Week 2: Microbes and Wounds Flashcards
Sympathomimetic drug
mimics the effects of transmitters of the sympathetic NS
Sympatholytic drug
inhibits postganglionic functioning of the NS
Action of opioid analgesics
cause a reduction in neuronal cell excitability that results in reduced transmission of nociceptive impulses
Limitations of NSAIDS
ADR’s > GI disturbance, asthma attacks, dizziness, headaches
Benefits of NSAIDS
anti-inflammatory and analgesic effects
Commonly used NSAIDS
asprin, ibuprofen, indole, fenamates, celecoxib
Use of other analgesics eg paracetamol
inhibits prostaglandin release but no anti-inflammatory effect, mild – moderate pain
DMARDS (disease modifying anti-rheumatic drugs)

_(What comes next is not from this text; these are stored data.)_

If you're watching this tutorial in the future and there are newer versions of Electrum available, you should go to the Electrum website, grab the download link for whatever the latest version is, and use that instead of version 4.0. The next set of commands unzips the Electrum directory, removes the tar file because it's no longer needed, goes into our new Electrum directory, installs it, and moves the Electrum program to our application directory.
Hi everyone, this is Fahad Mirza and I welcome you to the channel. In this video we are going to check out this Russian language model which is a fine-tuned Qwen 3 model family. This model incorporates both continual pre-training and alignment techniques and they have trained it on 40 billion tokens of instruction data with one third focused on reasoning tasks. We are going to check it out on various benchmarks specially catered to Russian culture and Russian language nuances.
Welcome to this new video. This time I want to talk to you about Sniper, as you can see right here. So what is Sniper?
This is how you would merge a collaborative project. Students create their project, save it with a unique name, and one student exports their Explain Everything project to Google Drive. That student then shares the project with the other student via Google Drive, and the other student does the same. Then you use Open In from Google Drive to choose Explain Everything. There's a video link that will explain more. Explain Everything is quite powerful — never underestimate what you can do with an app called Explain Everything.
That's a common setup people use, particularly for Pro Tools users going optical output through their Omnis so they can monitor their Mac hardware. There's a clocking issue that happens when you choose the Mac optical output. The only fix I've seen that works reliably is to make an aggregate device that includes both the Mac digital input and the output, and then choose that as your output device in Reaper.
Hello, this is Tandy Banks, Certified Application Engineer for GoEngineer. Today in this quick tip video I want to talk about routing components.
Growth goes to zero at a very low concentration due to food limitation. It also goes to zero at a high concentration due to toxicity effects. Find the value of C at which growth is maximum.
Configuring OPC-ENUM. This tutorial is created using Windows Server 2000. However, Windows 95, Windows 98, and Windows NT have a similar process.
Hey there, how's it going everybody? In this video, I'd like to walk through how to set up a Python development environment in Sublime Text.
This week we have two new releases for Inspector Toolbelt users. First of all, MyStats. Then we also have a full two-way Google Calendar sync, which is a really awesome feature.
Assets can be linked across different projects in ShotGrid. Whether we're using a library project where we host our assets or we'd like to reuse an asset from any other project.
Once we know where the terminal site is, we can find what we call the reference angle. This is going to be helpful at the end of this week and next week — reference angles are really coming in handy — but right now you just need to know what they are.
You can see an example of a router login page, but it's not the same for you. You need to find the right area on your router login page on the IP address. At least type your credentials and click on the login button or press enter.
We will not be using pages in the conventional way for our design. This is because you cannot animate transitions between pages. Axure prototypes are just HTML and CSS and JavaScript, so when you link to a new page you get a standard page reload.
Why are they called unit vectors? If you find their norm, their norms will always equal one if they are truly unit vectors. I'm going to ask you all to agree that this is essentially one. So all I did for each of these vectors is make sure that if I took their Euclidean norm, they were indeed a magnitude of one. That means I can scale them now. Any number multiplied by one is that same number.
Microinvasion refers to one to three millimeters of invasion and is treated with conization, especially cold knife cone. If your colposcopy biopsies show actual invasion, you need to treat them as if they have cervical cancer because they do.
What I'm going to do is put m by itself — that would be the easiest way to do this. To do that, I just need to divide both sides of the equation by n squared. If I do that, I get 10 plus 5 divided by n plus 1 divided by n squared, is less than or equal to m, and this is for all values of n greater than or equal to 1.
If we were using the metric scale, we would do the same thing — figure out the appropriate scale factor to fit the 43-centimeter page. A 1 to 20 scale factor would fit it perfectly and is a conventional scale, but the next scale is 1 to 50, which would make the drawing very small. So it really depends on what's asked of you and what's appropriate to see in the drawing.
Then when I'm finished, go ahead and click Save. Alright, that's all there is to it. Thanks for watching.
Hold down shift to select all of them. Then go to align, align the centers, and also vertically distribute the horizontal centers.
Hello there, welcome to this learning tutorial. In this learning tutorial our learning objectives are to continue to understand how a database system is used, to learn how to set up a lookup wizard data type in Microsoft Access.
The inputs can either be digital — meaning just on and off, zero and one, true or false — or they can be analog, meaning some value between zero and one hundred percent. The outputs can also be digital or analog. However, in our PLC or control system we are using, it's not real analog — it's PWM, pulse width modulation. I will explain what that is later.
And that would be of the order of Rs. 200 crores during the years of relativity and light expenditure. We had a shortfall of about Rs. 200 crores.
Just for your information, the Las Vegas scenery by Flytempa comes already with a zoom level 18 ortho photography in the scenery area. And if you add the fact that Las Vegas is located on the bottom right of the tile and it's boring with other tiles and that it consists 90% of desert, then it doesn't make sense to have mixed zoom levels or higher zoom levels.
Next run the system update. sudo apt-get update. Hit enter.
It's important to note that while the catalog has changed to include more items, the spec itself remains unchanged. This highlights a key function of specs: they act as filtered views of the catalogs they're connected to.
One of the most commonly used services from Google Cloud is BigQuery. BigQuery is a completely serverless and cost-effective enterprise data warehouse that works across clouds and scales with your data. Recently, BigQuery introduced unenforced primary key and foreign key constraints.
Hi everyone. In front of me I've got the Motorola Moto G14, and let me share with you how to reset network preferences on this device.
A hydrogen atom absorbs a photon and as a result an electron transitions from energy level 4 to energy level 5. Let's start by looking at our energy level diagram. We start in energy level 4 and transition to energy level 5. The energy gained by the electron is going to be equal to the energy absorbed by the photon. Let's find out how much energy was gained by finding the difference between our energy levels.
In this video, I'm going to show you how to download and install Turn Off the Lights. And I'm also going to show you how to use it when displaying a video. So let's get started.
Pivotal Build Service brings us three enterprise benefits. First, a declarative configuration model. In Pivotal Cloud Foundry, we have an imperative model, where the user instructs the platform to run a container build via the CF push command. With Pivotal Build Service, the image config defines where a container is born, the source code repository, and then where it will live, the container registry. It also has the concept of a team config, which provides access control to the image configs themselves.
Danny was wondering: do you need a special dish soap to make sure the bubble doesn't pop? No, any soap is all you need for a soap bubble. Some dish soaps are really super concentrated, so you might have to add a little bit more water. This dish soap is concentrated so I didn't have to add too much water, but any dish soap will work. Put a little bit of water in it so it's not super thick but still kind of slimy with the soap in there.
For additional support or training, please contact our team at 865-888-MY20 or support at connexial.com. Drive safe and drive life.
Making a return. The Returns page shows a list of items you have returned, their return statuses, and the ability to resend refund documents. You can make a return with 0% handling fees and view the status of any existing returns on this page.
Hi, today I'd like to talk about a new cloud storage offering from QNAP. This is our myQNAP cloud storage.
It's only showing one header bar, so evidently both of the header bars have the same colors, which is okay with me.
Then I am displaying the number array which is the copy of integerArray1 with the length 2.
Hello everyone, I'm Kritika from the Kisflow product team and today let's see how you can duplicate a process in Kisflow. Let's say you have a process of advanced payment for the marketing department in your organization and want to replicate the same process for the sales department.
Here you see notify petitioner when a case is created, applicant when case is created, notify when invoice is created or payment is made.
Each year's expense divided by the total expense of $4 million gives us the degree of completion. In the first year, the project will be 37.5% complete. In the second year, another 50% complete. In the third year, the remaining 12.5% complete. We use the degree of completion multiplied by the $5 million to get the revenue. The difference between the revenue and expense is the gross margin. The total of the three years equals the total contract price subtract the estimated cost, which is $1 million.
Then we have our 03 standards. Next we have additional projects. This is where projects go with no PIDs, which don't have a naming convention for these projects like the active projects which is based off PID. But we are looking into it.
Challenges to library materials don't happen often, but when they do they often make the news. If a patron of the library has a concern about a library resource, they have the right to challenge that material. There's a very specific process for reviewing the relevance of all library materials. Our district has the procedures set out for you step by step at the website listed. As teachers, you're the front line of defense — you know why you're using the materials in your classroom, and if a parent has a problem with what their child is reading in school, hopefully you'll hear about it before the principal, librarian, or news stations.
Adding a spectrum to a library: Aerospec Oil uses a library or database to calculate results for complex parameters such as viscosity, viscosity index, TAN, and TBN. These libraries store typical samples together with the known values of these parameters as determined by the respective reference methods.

used in the control of rheumatoid arthritis
Common ADR’s of DMARDS
infection, GI disturbance, hypersensitivity, diabetes, alopecia, abdominal pain
Common drugs used for general anaesthesia
nitrous oxide, desflurane, barbituates, non barbituates, benzodiazepines, propofol, ninotinic receptor anatagonists
Use of neuromuscular blocking agents over general anaesthesia
cause paralysis of the muscle directly without CNS depression and its many systemic effects
Nosocomial infection
hospital acquired infection
Use and ADR’s of Aminoglycosides (anti-infective agent
serious or life threatening infections, neurotoxicity, GI disturbance, hypersensitivity, rash, fever
Use and ADR’s of cephalosporins (anti-infective agent)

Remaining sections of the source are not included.